■ **TASK INSTRUCTIONS**
Reproduce the complete set of records exactly. No picture is to appear in the copy.

■ **EXERCISE MATERIALS**
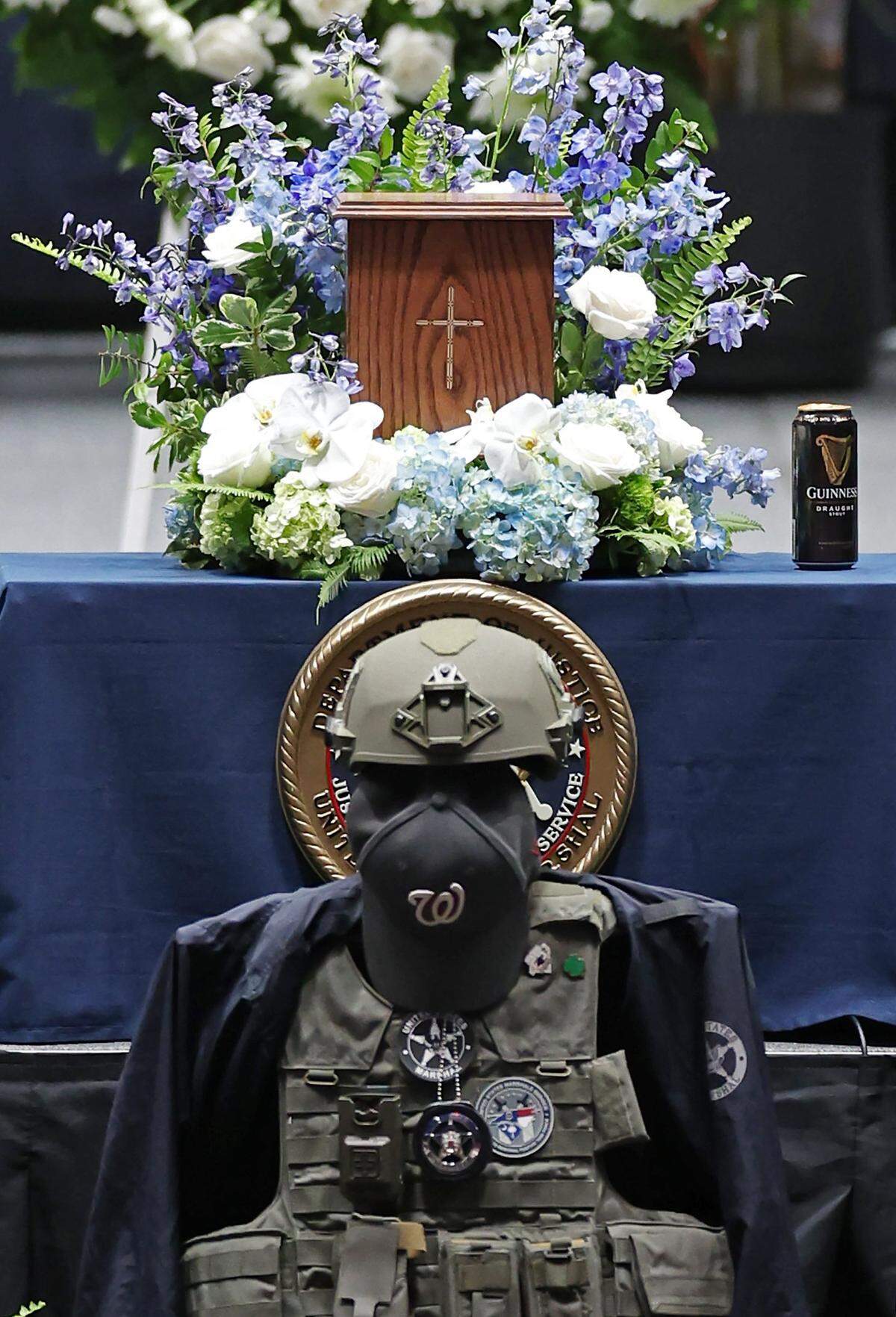 U.S. Marshal Thomas Weeks Jr.’s, gear and body stand during a memorial to the slain officer at Bojangles Coliseum in Charlotte, NC on Monday, May 6, 2024. U.S. Marshal Thomas Weeks Jr., died during a standoff with a gunman on Monday, April 29th 2024. Two other law enforcement officers were also killed in the shootout. CMPD Officer Joshua Eyer passed away later Monday evening from injuries sustained during the shootout.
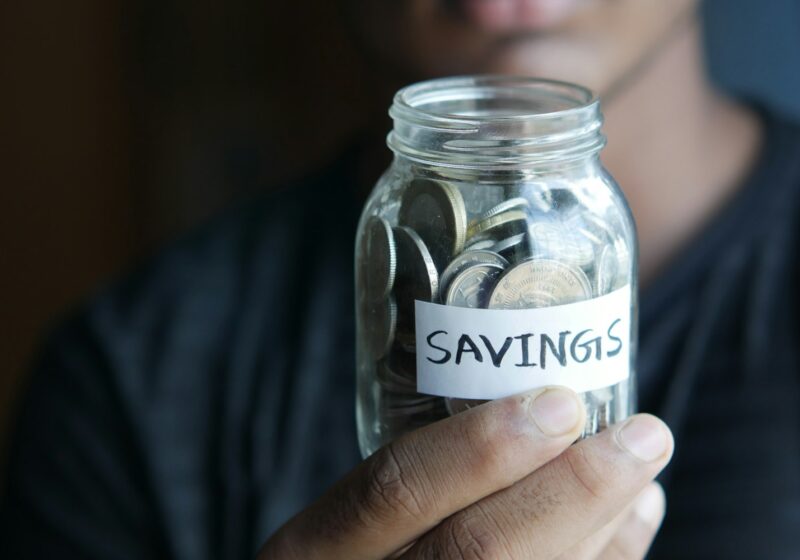 a man holding a jar with a savings label on it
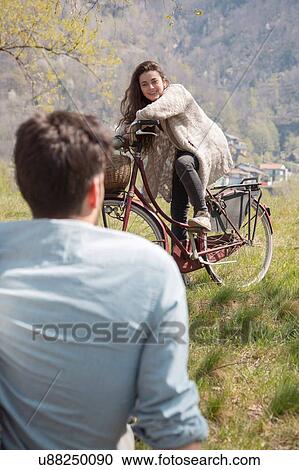 Over the shoulder view of young woman on bicycle chatting to mid adult man View Large Photo Image Stock Image - Over the shoulder view of young woman on bicycle chatting to mid adult man. Fotosearch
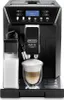 A black DeLonghi Eletta Cappuccino Evo coffee machine is shown with a glass of latte macchiato in front of it. Produktbild-Vorschau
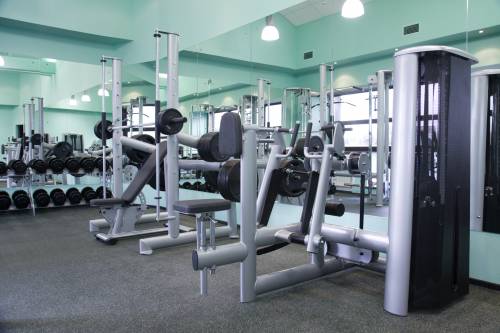 A gym filled with lots of exercise equipment and dumbbells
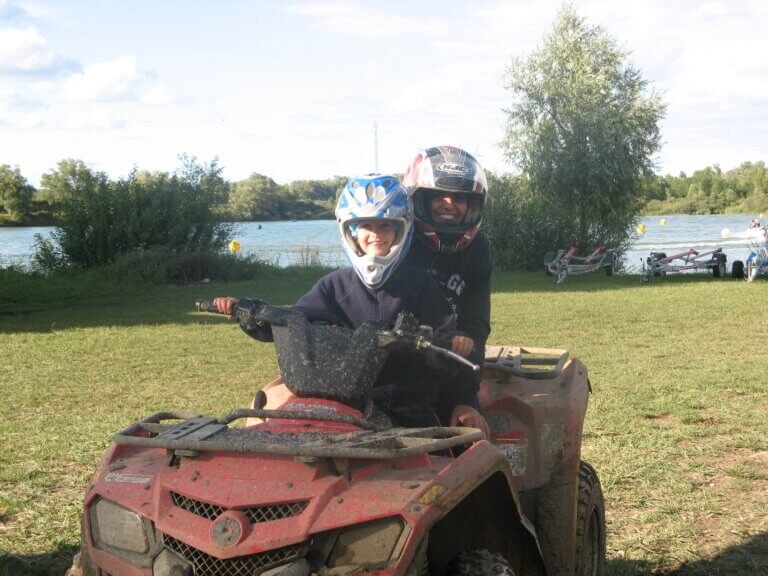 2 enfants portant un casque de moto sur la tête, assis sur un quad rouge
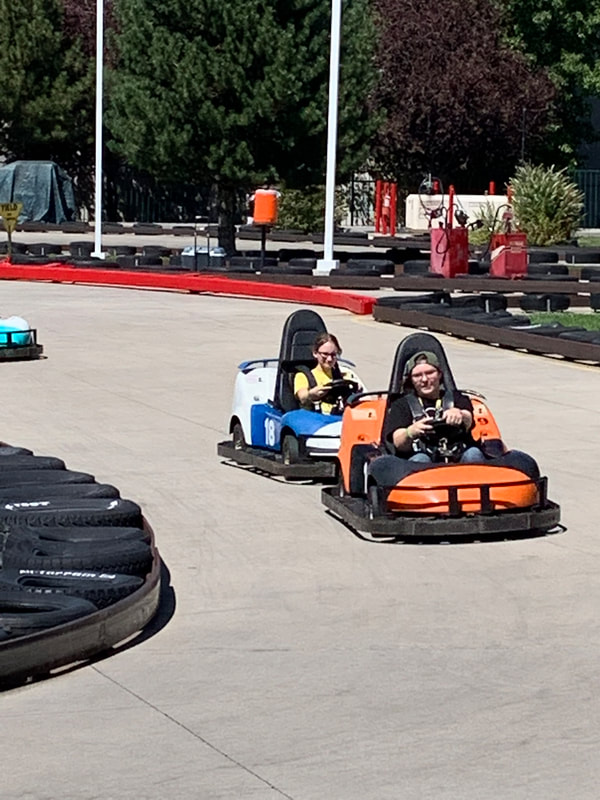 two people in go-carts
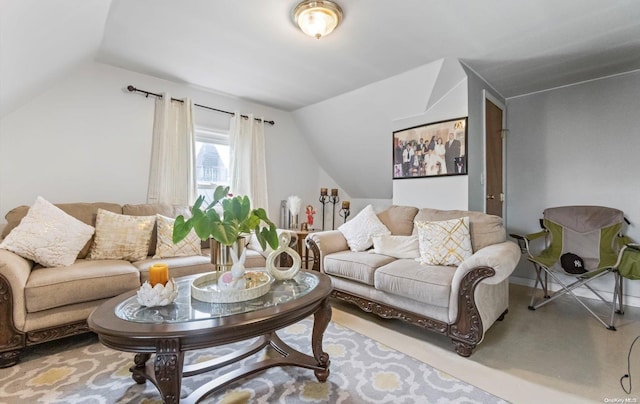 living room featuring carpet flooring and vaulted ceiling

■ **ANSWER FOR THE TASK**
 U.S. Marshal Thomas Weeks Jr.’s, gear and body stand during a memorial to the slain officer at Bojangles Coliseum in Charlotte, NC on Monday, May 6, 2024. U.S. Marshal Thomas Weeks Jr., died during a standoff with a gunman on Monday, April 29th 2024. Two other law enforcement officers were also killed in the shootout. CMPD Officer Joshua Eyer passed away later Monday evening from injuries sustained during the shootout.
 a man holding a jar with a savings label on it
 Over the shoulder view of young woman on bicycle chatting to mid adult man View Large Photo Image Stock Image - Over the shoulder view of young woman on bicycle chatting to mid adult man. Fotosearch
 A black DeLonghi Eletta Cappuccino Evo coffee machine is shown with a glass of latte macchiato in front of it. Produktbild-Vorschau
 A gym filled with lots of exercise equipment and dumbbells
 2 enfants portant un casque de moto sur la tête, assis sur un quad rouge
 two people in go-carts
 living room featuring carpet flooring and vaulted ceiling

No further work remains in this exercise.